Герцогиня поддержала старого герцога.
— Да, это не ослабляет наш ужас перед преступлением, но смягчает отношение к преступнику, он оказывается простым смертным, а не карикатурой на порок. Такой взгляд, хоть он и проникнут милосердием, не кажется мне ни излишне вольным, ни опасным. Муж рассказывал мне, что человек, писавший признание в убийстве, остановился и спросил, как пишется слово «убийство». Если это правда, то отчасти его затруднение объясняется потрясением, вызванным воспоминанием о свершившемся, а отчасти тем, что он хотел избежать словесного выражения поступка. «Аминь» застряло у него в глотке.
Хилтон подхватил слова герцогини.
— Несколько лет тому назад один убийца показал, что его воображение совершенно отвергало вменяемое ему преступление: он, конечно, убил старика, похоронил его в пещере и жил на взятые из его карманов деньги, но «никаких преступных намерений, вообще никаких» у него при этом не было. Хладнокровие, изощрённость, продуманность его действий доказывают, что он виновен в убийстве, но преступность совершенного деяния душа его не вмещала.
Корбин оживился.
— Да, в таком же духе и Кольридж в «Раскаянии» заставляет своего главного героя Ордонио уклониться от признания даже самому себе в замышляемом преступлении, он слишком пристрастен, чтобы вынести себе справедливый приговор, и мы тоже судим себя снисходительно и откладываем окончательный вердикт на неопределённый срок. Помните его поразительный монолог:
На солнце тело если я оставлю, Чрез месяц тысячи — десятки тысяч — Живых созданий вылетят из трупа На место одного. Его убил я, Вы скажете? Но кто мне поручится, Что новые десятки тысяч жизней Не счастливей одной, мной устранённой, Чтоб место рати дать неисчислимой?
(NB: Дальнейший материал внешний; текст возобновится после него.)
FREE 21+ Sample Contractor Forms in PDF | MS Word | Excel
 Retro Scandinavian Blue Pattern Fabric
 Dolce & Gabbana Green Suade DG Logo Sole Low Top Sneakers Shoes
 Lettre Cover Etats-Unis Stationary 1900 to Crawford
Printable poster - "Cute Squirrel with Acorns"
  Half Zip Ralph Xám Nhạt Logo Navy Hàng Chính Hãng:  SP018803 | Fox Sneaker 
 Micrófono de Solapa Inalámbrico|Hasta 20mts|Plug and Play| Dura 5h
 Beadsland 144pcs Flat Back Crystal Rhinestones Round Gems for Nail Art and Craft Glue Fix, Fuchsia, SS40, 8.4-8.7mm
После обеда Корбин ненадолго уехал к поверенному в делах, герцогиня уединилась в своих покоях, племянницы графа тоже ушли к себе, а сэр Джеймс, красноречивым жестом указав на карточный стол, предложил Хилтону отыграться. За стол сели Гелприн, Монтгомери, Хилтон и Грэхем. Марвилл и Говард, которым пока играть было не на что, направились на прогулку.
Гелприн на сей раз удивил Монтгомери. Но не тем, что играл дурно. Нет. Он поставил на кон тысячу фунтов и безошибочно и умело выиграл снова. Удивили старого герцога несколько фраз, на сей раз тихо, но отчётливо проронённые сэром Джеймсом, а так как это были практически первые сказанные этим нелюдимым человеком слова, они сугубо запомнились Монтгомери.